My grandfather's 40+ years in the military started when he was nineteen with the Philippine liberation - he was on active duty from 43-46 and stationed at Leyte Island. He earned a Philippine Liberation Ribbon, a Philippine Presidential Unit Citation (given by the Philippine President) and an Asiatic-Pacific Campaign Medal with one battle star, among others. I have his WW2 Victory Medal and ribbon framed and hanging on my office wall. After active duty in the army he went into full time service with the National Guard, became a top grade warrant officer and retired in 1984 after two five year tours at the Pentagon with the NG Bureau.
At 85 he is losing his own personal battle with Alzheimers and I am currently compiling everything we have on his life to do a video tribute at his eventual memorial service. As I review all his wonderful stuff, I couldn't be prouder that he took part in securing the freedom of POWs held by the Japanese.
MacArthur returned to the Philippines at Leyte Island in 1944. The Battle of Leyte kicked off the Philippine Liberation.
I well remember Peter Jennings speaking about the war as an apologia for Japan.
When I was a kid there was a Bataan Death March survivor in our neighborhood. I remember him as being a very quiet man who always seemed to be working in his garden.
I think a large number of the guys on the march were from New Mexico. My great uncle was among them, a survivor.
Now the Italians need to apologize for the Roman Empire, the English to the Irish, and so on and so forth. Like all such things—its fluff, feel good fluff but how will it stop the inflation? How will help the economy?

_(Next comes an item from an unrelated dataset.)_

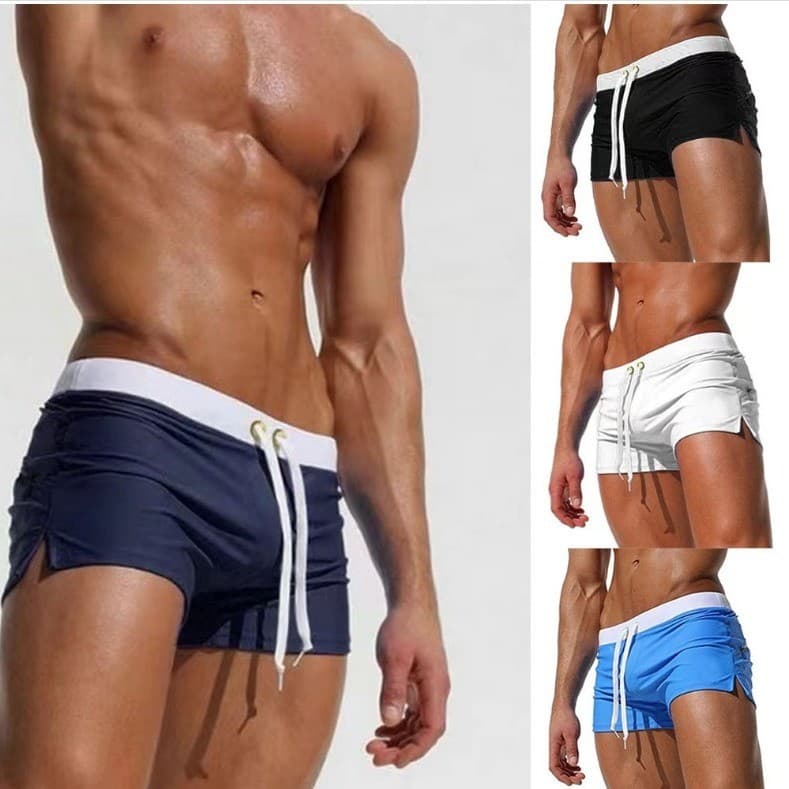 2026 Novos Shorts Masculinos de Cor Sólida Anti-Embaraço e Anti-Exposição com Cordão, Calças Esportivas Justas de Secage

I am quite respectful of the fact that an entire generation of Japanese was able to do such an about face and reject the ideology through which they had operated for as long as they did, despite the fact that they had grown up with it. No doubt it was difficult. (Islam needs the same sort of ideological cleansing.)
My FIL was in the Navy and on a ship heading for the AP theatre when we dropped the bombs on Hiroshima and Nagasaki. His boat turned around and went home.
Decades later my BIL, his eldest son, a Navy Lt-Commander who in that same area served on a nuclear sub and later an aircraft carrier, met and married a Japanese woman with whom he could barely communicate, not knowing the language very well. Soon after, my in-laws traveled to Japan to meet their son’s new family. Through the translation of their new step-grandson (Naomi had an eight year old by a previous marriage), the two patriarchs learned that they likely narrowly missed fighting against one another toward the end of the war because of those bombs.
Despite the anticipated apprehension they both felt, they were able to come together on the common ground of how happy they both were that they were meeting as friends rather than enemies.
Upon learning that about my husband’s family, as well as the fact that my grandfather served there, the dropping of the atomic bombs took on a new meaning for me in that things might very well have been different otherwise. What if my grandfather or my father-in-law had died there instead?
It’s a sobering thing to imagine.
Ambassador Ichiro Fujisaki, I along with multitudes of Americans want to thank you and the government of Japan for your apology regarding the Bataan Death March. While it can not restore the lives of those who were murdered at the hands of the Japanese military, your admission and apology mean a great deal. It took tremendous courage on the part of Japans to finally admit its guilt in this matter and will go a long way towards providing healing for many who survived it and who are still alive.